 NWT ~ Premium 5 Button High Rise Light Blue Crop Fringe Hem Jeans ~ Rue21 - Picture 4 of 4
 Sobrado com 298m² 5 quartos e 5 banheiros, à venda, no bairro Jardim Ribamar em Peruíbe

---

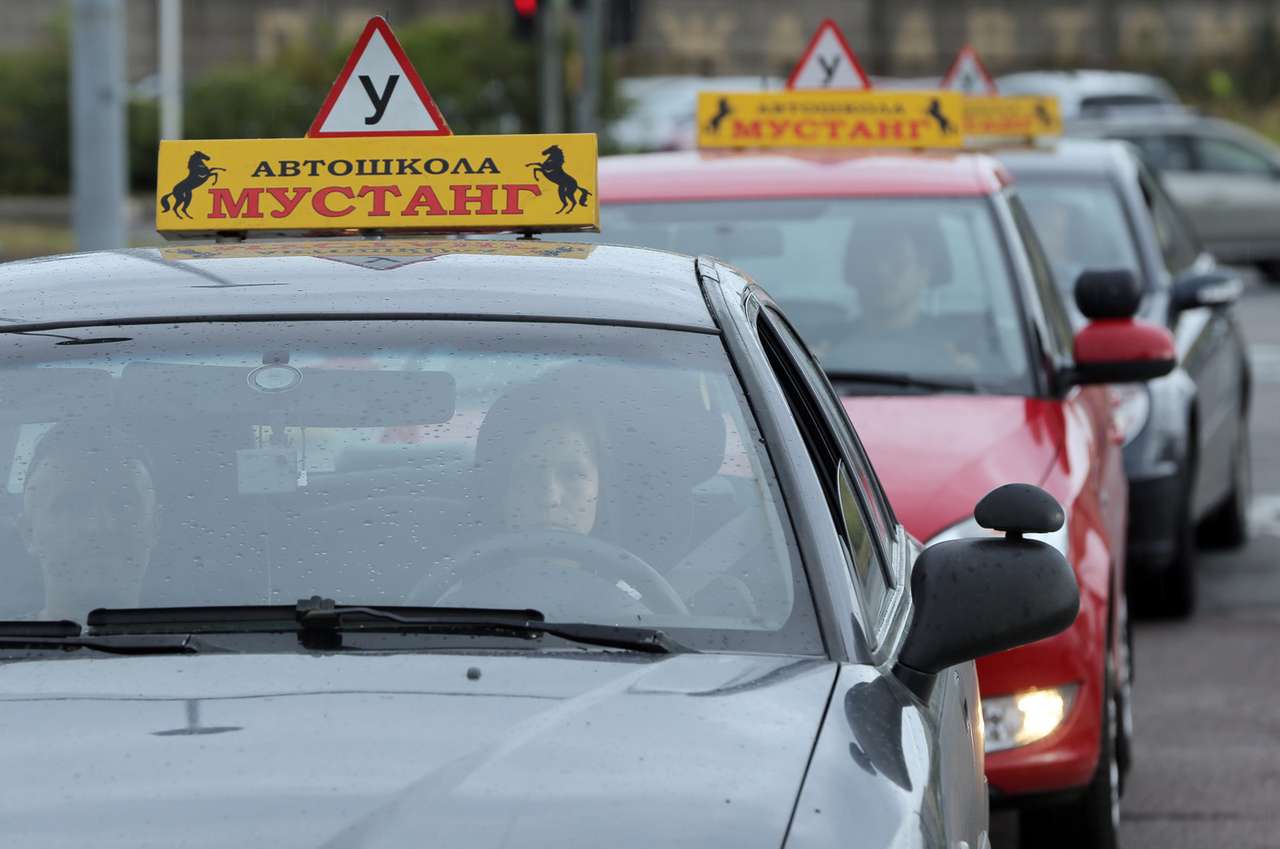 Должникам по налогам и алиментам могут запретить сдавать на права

==

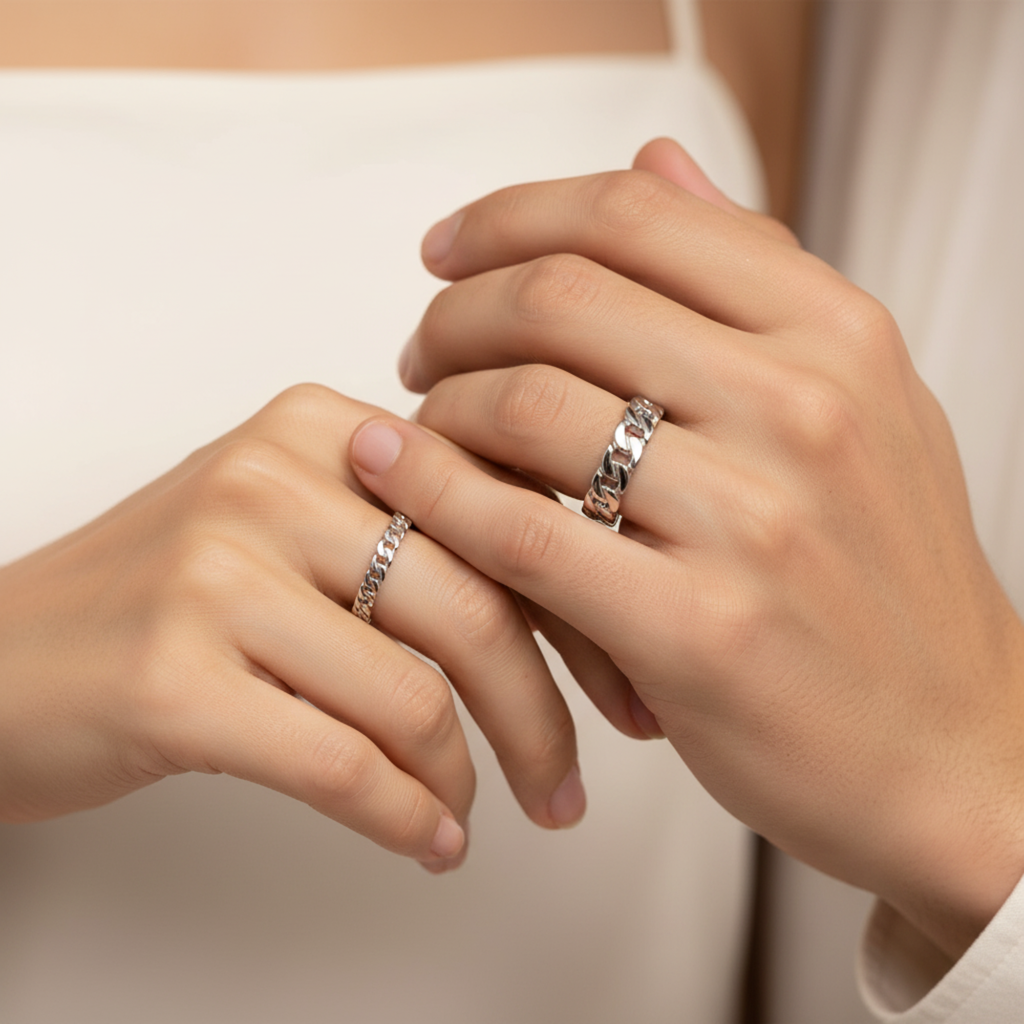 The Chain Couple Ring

> _What the task asks_
Looking at the records above, return exactly the lines from the line with "NWT ~ Premium" to the line with "Sobrado com 298m²", both ends included.

> _Response box_
 NWT ~ Premium 5 Button High Rise Light Blue Crop Fringe Hem Jeans ~ Rue21 - Picture 4 of 4
 Sobrado com 298m² 5 quartos e 5 banheiros, à venda, no bairro Jardim Ribamar em Peruíbe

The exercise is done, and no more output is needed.